1. Line two baking sheets with parchment paper. Preheat oven to 300ºF.

2. Wash kale. Remove leaves from stems and tear into potato-chip-size pieces. Spin dry or pat the leaves dry with a towel. Spread the leaves in a single layer on the cookie sheets; do not overlap the leaves.

3. Lightly brush each leaf with a bit of olive oil. Sprinkle each leaf with Parmesan.

4. Bake for 10 to 12 minutes, turning sheets half way through. Leaves should be crispy and just beginning to turn brown at the edges; don’t let them get too dark. Serve immediately with additional Parmesan sprinkled over the leaves for garnish.

Note: Try using garlic powder, Zaatar or Dukkah (Egyptian spice mixes), or your favorite spice blend.

Mashed Potatoes & Celeriac Root

Uh, this is so good with something meaty.
You’ll need:
1 celeriac root for each
4 potatoes
butter
sour cream
nutmeg
salt/pepper

Wash, peel and cut potatoes and celeriac in same size pieces.
Boil in salt water until soft (25 min.).
Pour off water & add butter, sour cream, salt, pepper & nutmeg to taste. Smash it all with your potato smasher. Eat quickly before you have to share with others.
Guten Appetit,
Steffi

Lentil Soup with Shitakes & Leeks

Ingredients:

lentils
leeks
fresh shitake mushrooms
oil or butter
herbs, salt & pepper, soy sauce, vinegar

Boil up a pint of lentils in a couple quarts of water–1/2 – 3/4 hour.
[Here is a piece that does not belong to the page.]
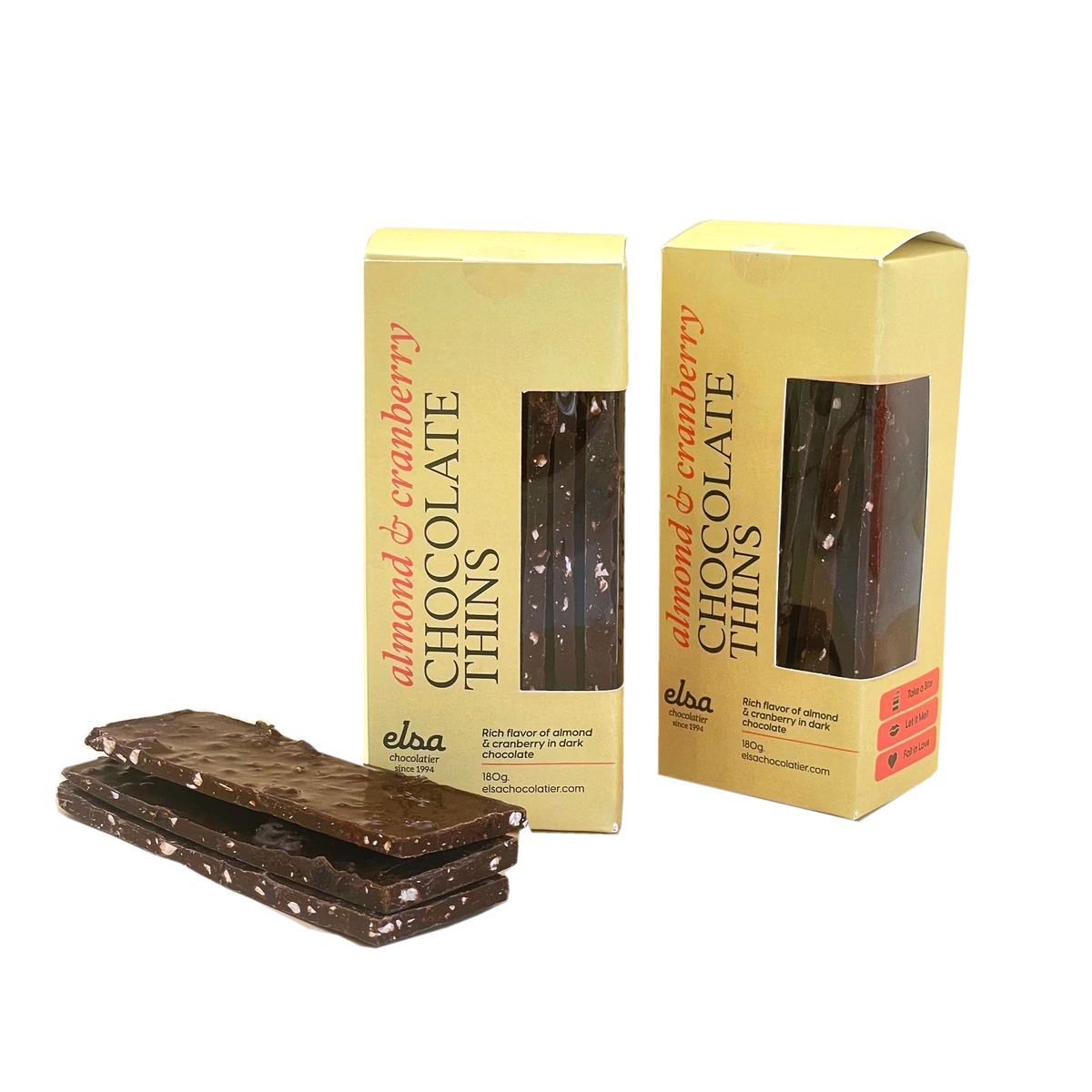 Almond and cranberry dark chocolate thins stacked beside two yellow boxes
Meanwhile, cut a couple of leeks in half lengthwise, wash them thoroughly in a sinkful of water, and chop crosswise, all the way through the green, into quarter or half inch bits. In a big kettle, fry the leek gently in a big lump of butter or fine olive oil (sesame oil would be excellent, I think); allow some of it to brown lightly, even caramelize onto the pan a bit.

Dump in the cooked lentils and enough water or vegetable broth to make it soupy. Season with a generous shake of cumin (about half a tablespoon), Italian herbs, and pepper. Dump in a small glug of soysauce and a small squirt of balsamic vinegar. A little dry sherry is very good.

At the end, quickly fry up a mess of shitakes in butter or oil and put them in the soup. Shitakes are rather expensive, but half a dozen don’t weigh very much. I cut them like a pie into eight or ten wedges, including a bit of stem on most of the pieces. Ordinary mushrooms can be used instead, though they don’t have the same exquisite fragrance.

This makes a family size pot of soup with some left for lunch.